Dubble vs GitBook: FAQ

Understanding the Pricing Models

Q: How does GitBook's $65/site fee affect the real cost of the Plus plan?

A: The $65/site fee is charged per documentation site per month and is separate from the $12/user/month user fee. A team with three documentation sites pays $195/month in site fees alone before any user seats. For a 10-person team with five sites, the monthly cost reaches $445 — significantly higher than the headline $12/user figure suggests. Teams coming from GitBook's pre-2024 pricing often find their bills have increased substantially.

Q: Is Dubble's Team plan ($12/user/month) actually cheaper than the Pro plan?
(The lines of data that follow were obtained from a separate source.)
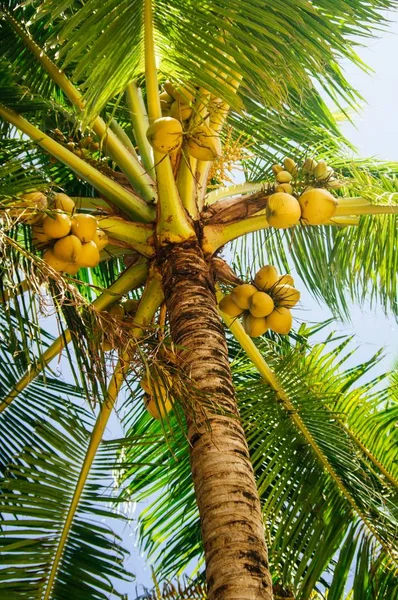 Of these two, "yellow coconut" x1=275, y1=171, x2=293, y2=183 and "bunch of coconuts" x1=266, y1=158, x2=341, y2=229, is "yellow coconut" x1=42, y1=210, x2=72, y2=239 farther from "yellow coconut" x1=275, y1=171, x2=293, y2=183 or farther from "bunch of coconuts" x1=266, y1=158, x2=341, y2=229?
"yellow coconut" x1=275, y1=171, x2=293, y2=183

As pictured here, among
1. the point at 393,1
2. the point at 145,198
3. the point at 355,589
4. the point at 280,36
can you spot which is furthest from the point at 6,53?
the point at 355,589

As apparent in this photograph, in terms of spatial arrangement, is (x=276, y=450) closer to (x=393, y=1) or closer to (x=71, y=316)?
(x=71, y=316)

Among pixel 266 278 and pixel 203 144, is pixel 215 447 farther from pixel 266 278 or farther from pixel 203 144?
pixel 203 144

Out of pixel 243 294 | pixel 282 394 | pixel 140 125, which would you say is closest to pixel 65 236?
pixel 243 294

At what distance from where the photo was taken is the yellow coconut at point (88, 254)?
3301 mm

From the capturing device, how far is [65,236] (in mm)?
3256

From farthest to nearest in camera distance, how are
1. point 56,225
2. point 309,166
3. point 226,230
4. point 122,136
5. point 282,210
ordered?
1. point 122,136
2. point 309,166
3. point 226,230
4. point 282,210
5. point 56,225

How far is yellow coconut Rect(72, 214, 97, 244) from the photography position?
329 centimetres

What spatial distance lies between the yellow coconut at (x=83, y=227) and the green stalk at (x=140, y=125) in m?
0.69

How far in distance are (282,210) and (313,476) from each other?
1.53 metres

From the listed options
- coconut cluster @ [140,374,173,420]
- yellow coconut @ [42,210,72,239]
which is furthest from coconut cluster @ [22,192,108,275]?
coconut cluster @ [140,374,173,420]

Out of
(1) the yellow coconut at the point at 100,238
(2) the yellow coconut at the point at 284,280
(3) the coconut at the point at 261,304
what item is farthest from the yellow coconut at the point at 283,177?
(1) the yellow coconut at the point at 100,238

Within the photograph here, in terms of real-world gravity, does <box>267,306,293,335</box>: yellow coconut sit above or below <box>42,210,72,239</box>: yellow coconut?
below

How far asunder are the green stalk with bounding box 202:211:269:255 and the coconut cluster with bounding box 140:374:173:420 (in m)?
0.70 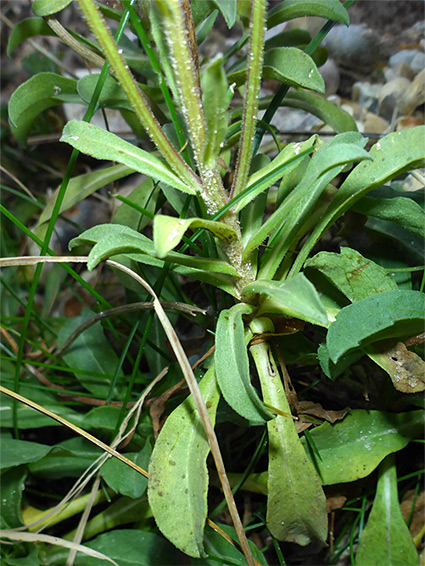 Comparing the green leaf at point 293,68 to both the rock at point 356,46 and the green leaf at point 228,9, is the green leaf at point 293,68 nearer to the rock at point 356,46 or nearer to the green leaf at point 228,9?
the green leaf at point 228,9

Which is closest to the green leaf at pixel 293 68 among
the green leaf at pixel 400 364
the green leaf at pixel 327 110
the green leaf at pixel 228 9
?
the green leaf at pixel 228 9

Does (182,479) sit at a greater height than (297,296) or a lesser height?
lesser

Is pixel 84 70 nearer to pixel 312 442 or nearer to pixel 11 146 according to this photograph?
pixel 11 146

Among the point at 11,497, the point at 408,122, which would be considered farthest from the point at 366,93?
the point at 11,497

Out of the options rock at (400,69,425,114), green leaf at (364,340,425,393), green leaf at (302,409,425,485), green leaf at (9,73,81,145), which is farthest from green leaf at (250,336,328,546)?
rock at (400,69,425,114)

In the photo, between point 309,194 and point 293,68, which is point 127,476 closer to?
point 309,194

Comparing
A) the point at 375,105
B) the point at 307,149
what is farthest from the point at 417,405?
the point at 375,105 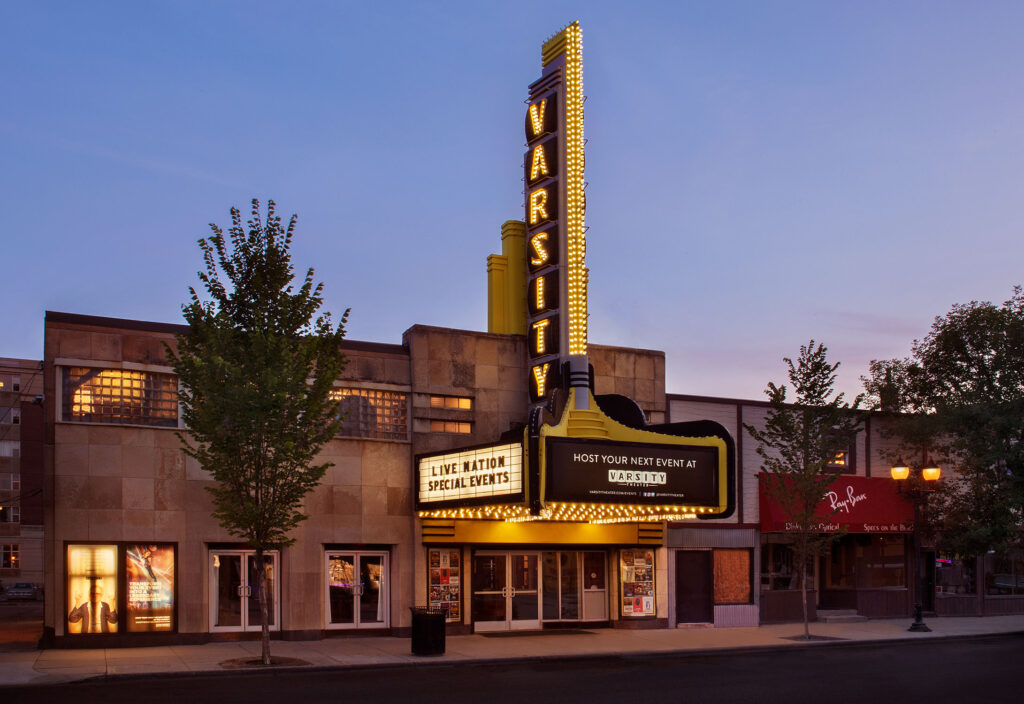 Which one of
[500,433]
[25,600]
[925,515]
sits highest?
[500,433]

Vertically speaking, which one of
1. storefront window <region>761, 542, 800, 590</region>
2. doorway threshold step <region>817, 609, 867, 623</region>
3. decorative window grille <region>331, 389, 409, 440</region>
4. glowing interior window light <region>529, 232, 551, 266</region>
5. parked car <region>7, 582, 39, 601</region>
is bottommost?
parked car <region>7, 582, 39, 601</region>

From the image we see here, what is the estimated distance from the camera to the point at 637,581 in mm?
30266

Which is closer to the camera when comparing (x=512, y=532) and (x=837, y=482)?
(x=512, y=532)

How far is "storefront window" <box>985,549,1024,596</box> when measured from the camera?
3725cm

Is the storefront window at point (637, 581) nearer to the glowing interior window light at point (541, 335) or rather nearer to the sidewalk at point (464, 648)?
the sidewalk at point (464, 648)

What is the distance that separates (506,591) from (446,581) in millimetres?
1947

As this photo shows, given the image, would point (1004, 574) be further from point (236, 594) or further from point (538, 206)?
point (236, 594)

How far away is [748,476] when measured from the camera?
1267 inches

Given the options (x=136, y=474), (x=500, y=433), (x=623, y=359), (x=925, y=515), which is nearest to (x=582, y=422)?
(x=500, y=433)

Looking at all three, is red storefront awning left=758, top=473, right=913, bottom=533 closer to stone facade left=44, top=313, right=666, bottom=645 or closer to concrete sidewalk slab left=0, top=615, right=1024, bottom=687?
concrete sidewalk slab left=0, top=615, right=1024, bottom=687

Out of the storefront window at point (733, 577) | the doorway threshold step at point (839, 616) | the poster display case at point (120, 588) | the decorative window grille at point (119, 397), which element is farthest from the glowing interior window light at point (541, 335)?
the doorway threshold step at point (839, 616)

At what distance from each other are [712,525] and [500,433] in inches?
288

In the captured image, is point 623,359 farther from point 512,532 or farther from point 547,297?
point 512,532

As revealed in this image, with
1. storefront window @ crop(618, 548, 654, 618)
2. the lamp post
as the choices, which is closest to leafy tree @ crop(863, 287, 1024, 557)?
the lamp post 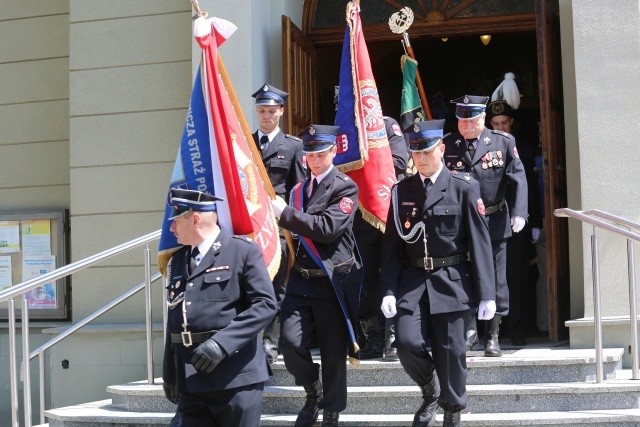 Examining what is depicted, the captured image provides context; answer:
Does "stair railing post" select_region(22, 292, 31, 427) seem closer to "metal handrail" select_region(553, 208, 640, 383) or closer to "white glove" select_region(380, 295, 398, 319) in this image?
"white glove" select_region(380, 295, 398, 319)

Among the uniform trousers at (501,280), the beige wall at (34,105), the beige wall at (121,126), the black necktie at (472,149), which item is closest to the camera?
the uniform trousers at (501,280)

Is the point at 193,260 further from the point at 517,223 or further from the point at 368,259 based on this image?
A: the point at 517,223

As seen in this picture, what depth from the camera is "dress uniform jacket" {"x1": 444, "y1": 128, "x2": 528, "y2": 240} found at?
24.3ft

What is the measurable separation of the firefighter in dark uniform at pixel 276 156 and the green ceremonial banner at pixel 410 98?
1.36 metres

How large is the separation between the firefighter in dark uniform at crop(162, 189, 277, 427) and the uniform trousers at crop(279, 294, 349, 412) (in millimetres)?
955

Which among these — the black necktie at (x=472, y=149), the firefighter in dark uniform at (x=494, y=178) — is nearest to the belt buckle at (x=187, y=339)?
the firefighter in dark uniform at (x=494, y=178)

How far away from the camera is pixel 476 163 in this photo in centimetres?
746

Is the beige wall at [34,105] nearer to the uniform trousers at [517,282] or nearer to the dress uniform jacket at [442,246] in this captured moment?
the uniform trousers at [517,282]

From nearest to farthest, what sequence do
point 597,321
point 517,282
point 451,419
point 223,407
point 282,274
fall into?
point 223,407 → point 451,419 → point 597,321 → point 282,274 → point 517,282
A: Yes, but with a catch — the Team plan requires a minimum of 5 users, so the floor is $60/month. A solo user or a 2-person team would pay less on the Pro plan ($18/user) than being forced into the Team minimum. The Team plan makes sense for groups of 8 or more users where the $6/user discount outweighs the minimum commitment.

Q: Does GitBook offer a meaningful free plan for real teams?

A: GitBook's free plan is limited to a single user and is primarily designed for open-source projects and non-profits. It does not include custom domains and restricts collaboration to one seat, making it impractical for any commercial team needing collaborative documentation. Dubble's free plan is more practically useful — 25 guides with browser extension capture for any user, not just open-source projects.

Finding the Right Tool

Q: Can Dubble or GitBook handle customer-facing documentation portals for multiple clients?

A: Neither tool supports multi-tenant documentation delivery. Dubble has no knowledge base or portal functionality — guides are shared as links, not through branded portals. GitBook provides a documentation site, but each client would require a separate site (at $65/site on the Plus plan), making it prohibitively expensive at scale. Agencies and consultancies serving multiple clients need a platform with built-in multi-tenant architecture.

Q: Is there a better alternative to both Dubble and GitBook for enterprise teams?

A: Docsie addresses the core limitations both tools share. Unlike Dubble, Docsie converts any video (training recordings, screen captures, real-world footage) into structured documentation — not just browser workflows. Unlike GitBook, Docsie supports multi-tenant portals, 100+ language auto-translation, built-in LMS with certifications, and workspace-based pricing without per-site fees. At $199/month for up to 15 users and 3 sites with AI credits included, Docsie delivers more capability per dollar for teams that have outgrown single-purpose documentation tools.

Q: Which tool is better if my team needs both process guides and developer API docs?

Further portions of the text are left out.